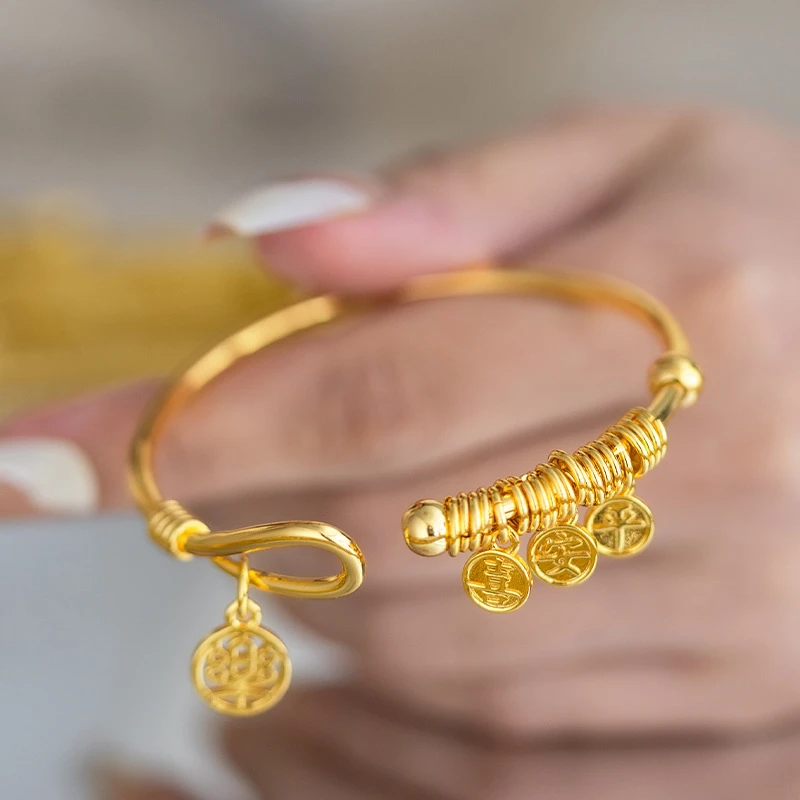 铜合金塑料手镯 新中式国潮高级感金色开口吉言平安喜乐挂坠手镯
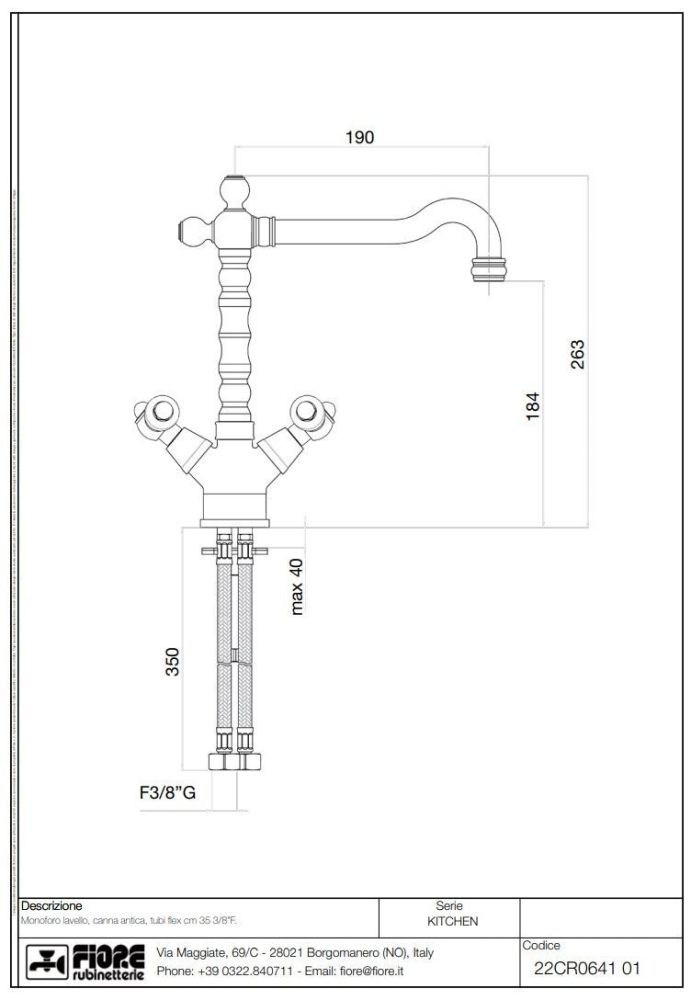 Fiore Coloniale Black, двухрычажный смеситель для кухни (поворотный излив 28 см), без донного клапана, цвет хром, артикул 22CR0641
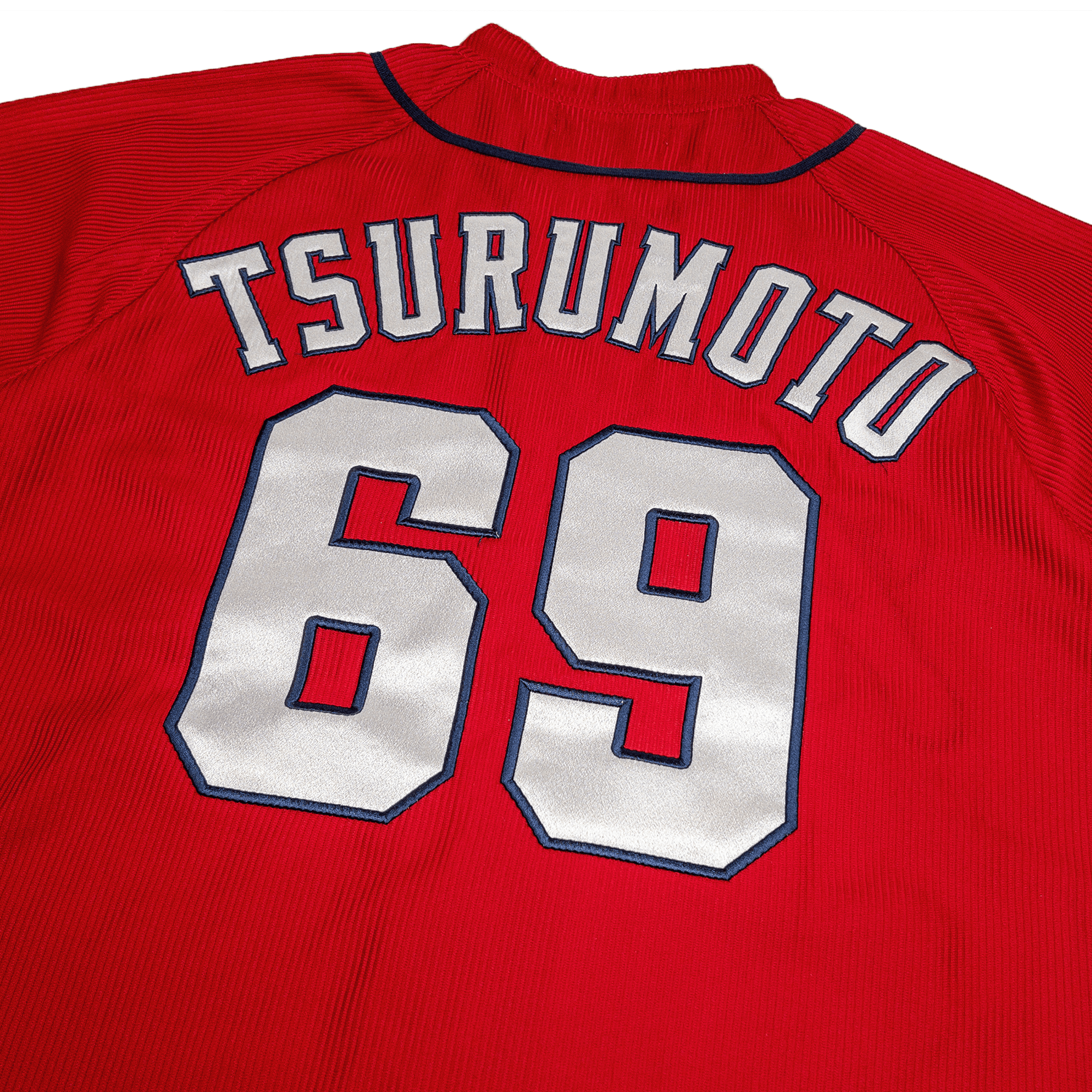 Retro NPB Japan Hiroshima Carp Baseball Knit Jersey Yuki Tsurumoto Red 69 - Sugoi JDM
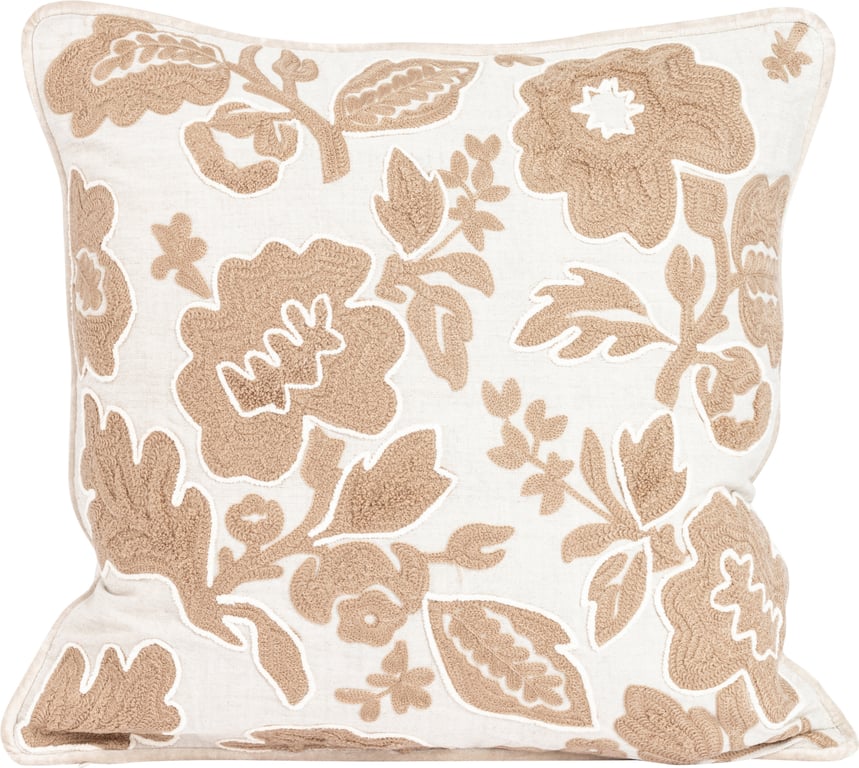 $Bilde av Lama putetrekk (med mørk beige dekor i bomull 50x50 cm)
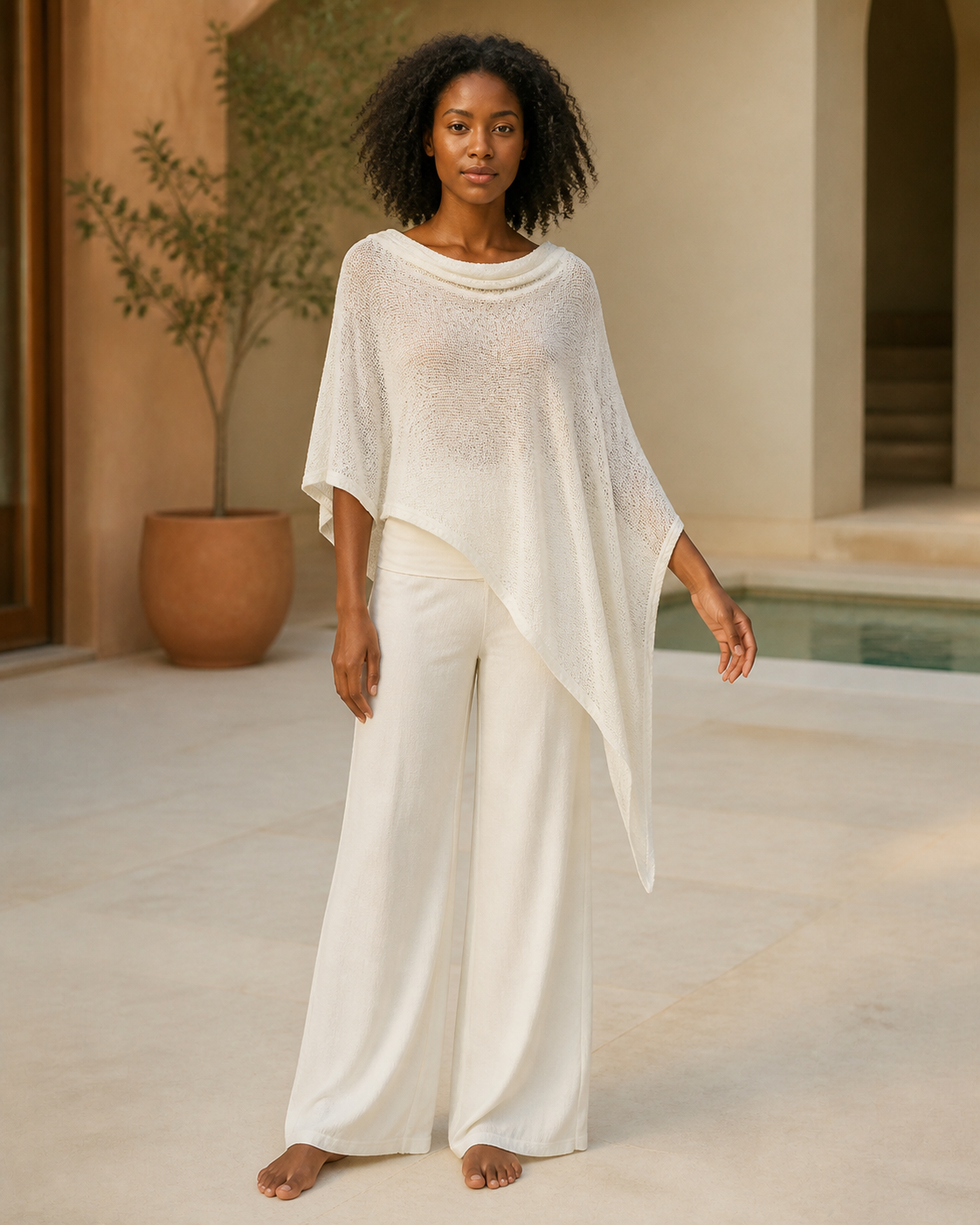 Cream knit and sheer batwing poncho, front view on a third model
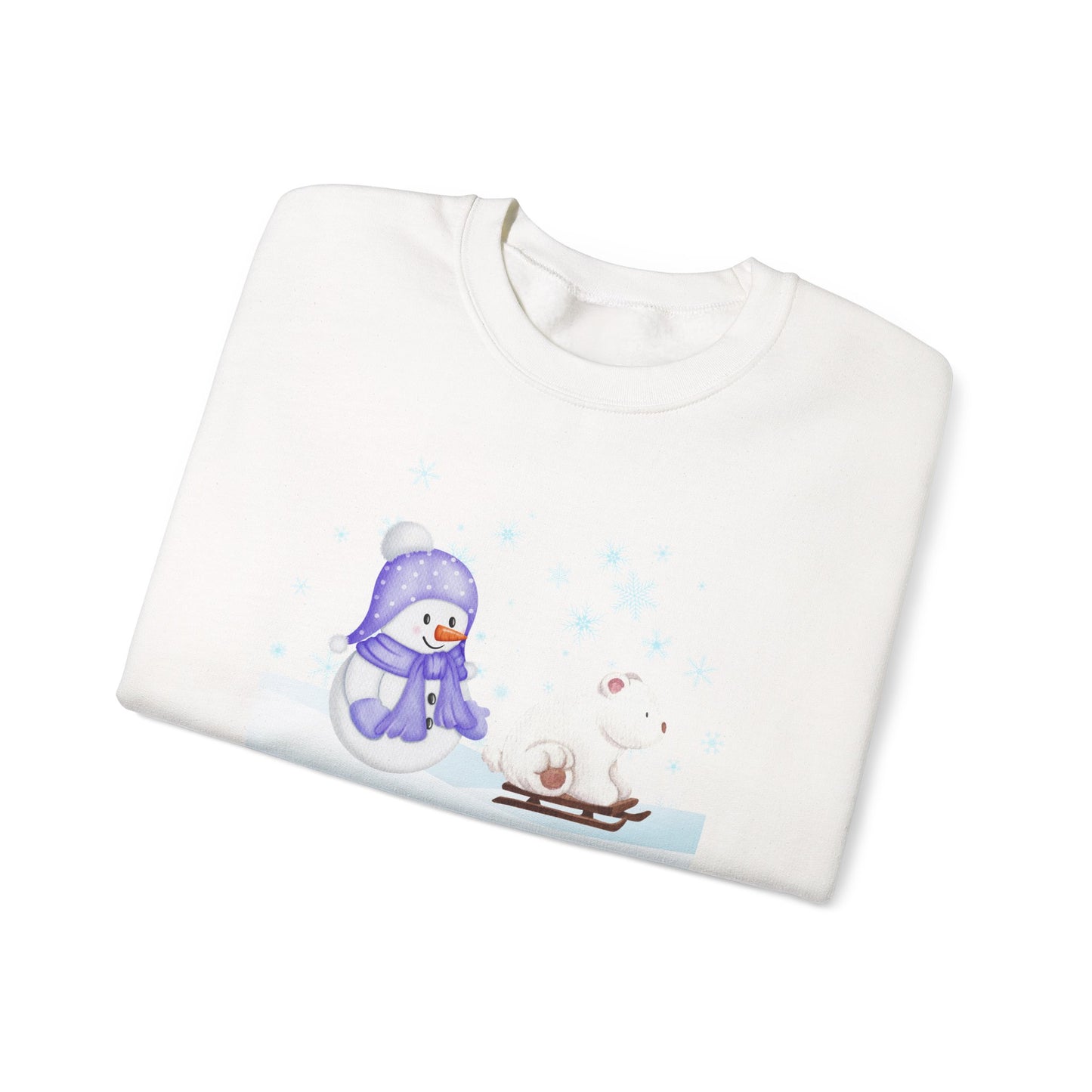Let It Snow Sweatshirt, Cute Snowman and Polar Bear Winter Scene | Cozy Holiday Crewneck for Christmas an Winter Lovers
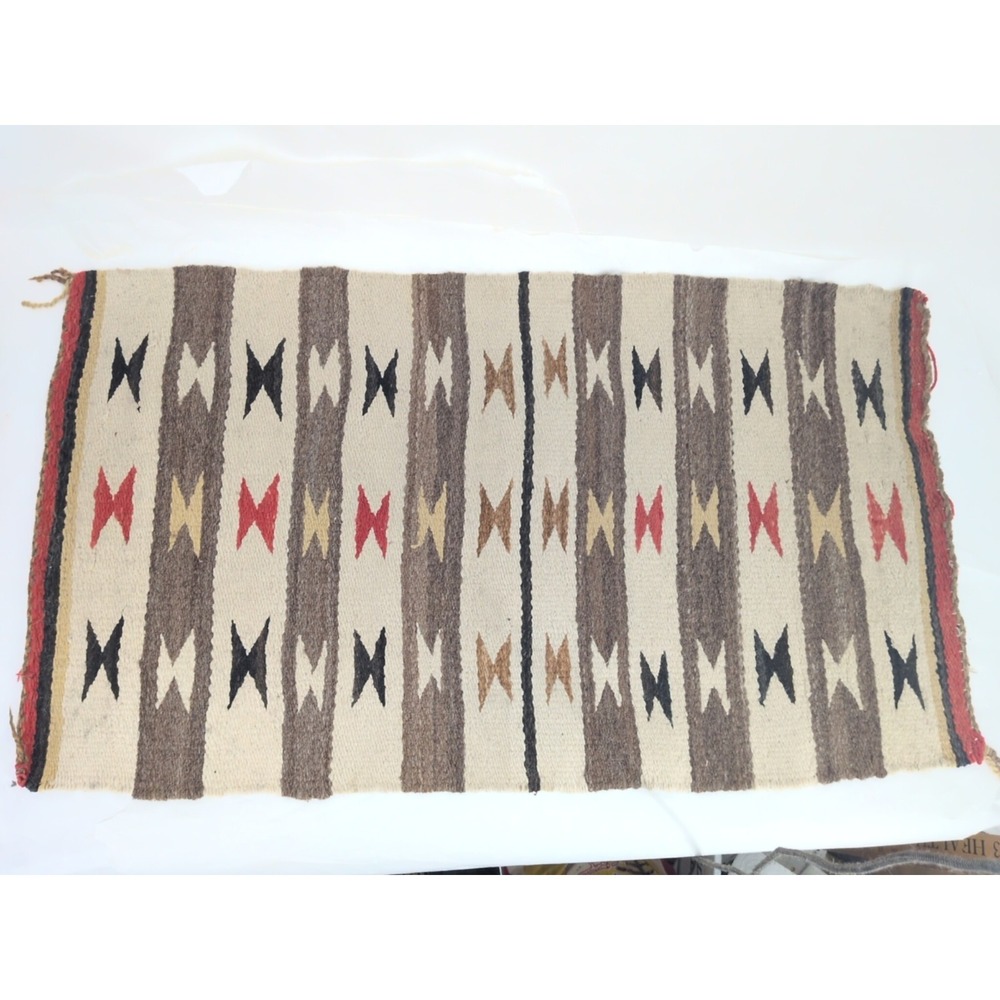 Hand Made Native American Navajo Eye Dazzler Rug 38" X 21" Diamond Point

**TASK TO CARRY OUT:** Repeat all of the material above exactly, leaving out pictures.

**WRITTEN ANSWER:**
 铜合金塑料手镯 新中式国潮高级感金色开口吉言平安喜乐挂坠手镯
 Fiore Coloniale Black, двухрычажный смеситель для кухни (поворотный излив 28 см), без донного клапана, цвет хром, артикул 22CR0641
 Retro NPB Japan Hiroshima Carp Baseball Knit Jersey Yuki Tsurumoto Red 69 - Sugoi JDM
 $Bilde av Lama putetrekk (med mørk beige dekor i bomull 50x50 cm)
 Cream knit and sheer batwing poncho, front view on a third model
Let It Snow Sweatshirt, Cute Snowman and Polar Bear Winter Scene | Cozy Holiday Crewneck for Christmas an Winter Lovers
 Hand Made Native American Navajo Eye Dazzler Rug 38" X 21" Diamond Point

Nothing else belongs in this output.